- _Try it_
The lines from the one containing "AeroZen | 3-in-1" through the last line below, both ends included, must be reproduced exactly, with no pictures.

- _Given information_
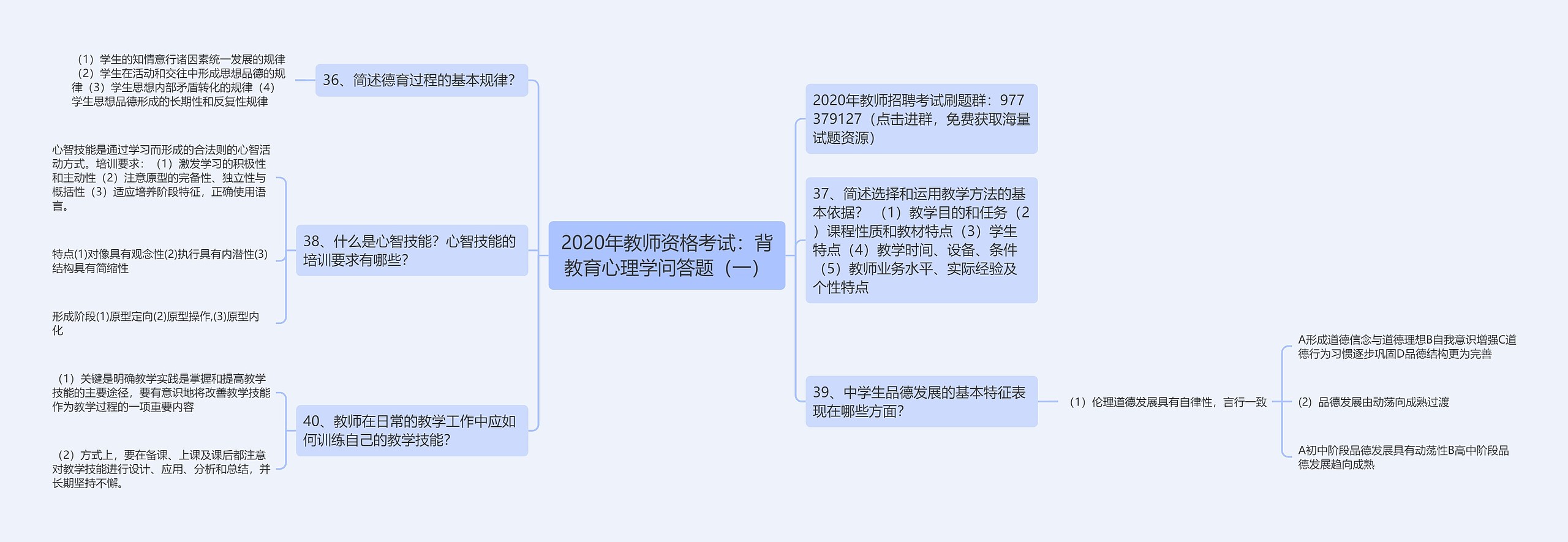 2020年教师资格考试：背教育心理学问答题（一）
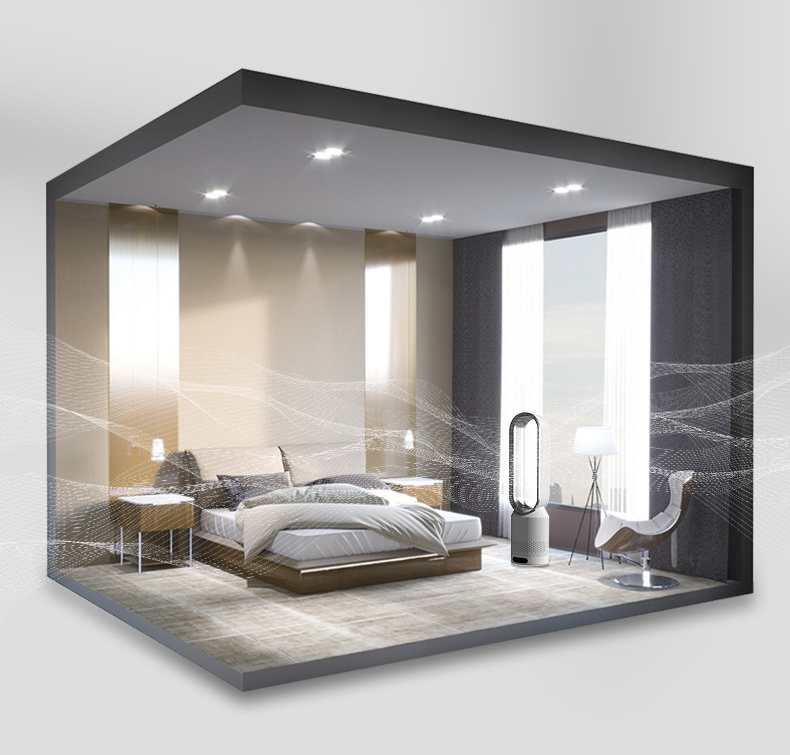 AeroZen | 3-in-1 Air Cooler & Purifier With Oscillation & LED Touch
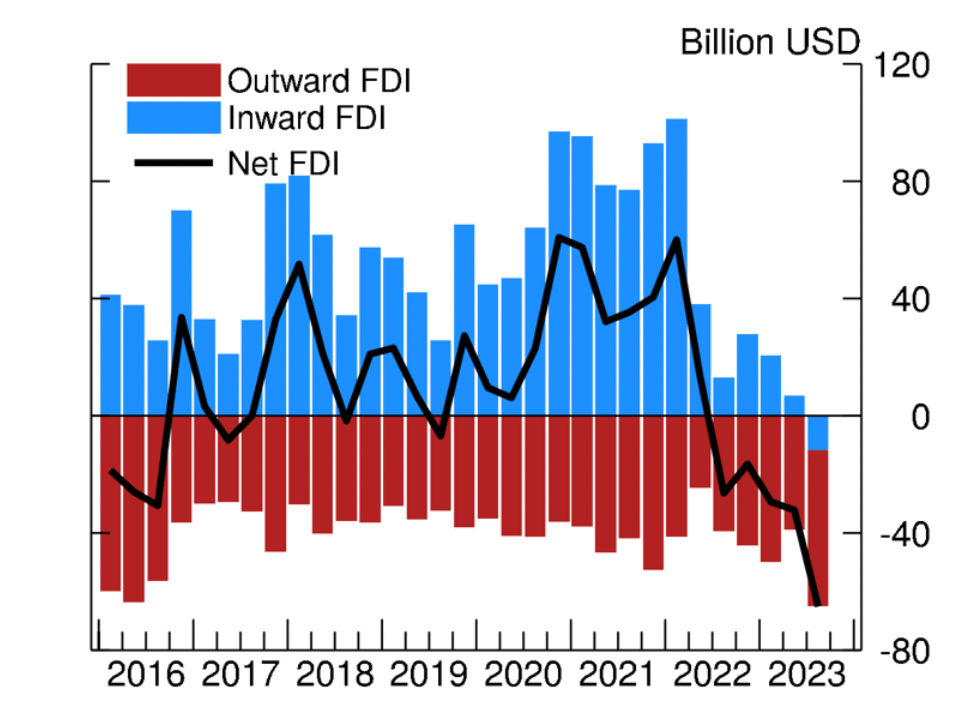 FDI.png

- _Output for this exercise_
 AeroZen | 3-in-1 Air Cooler & Purifier With Oscillation & LED Touch
 FDI.png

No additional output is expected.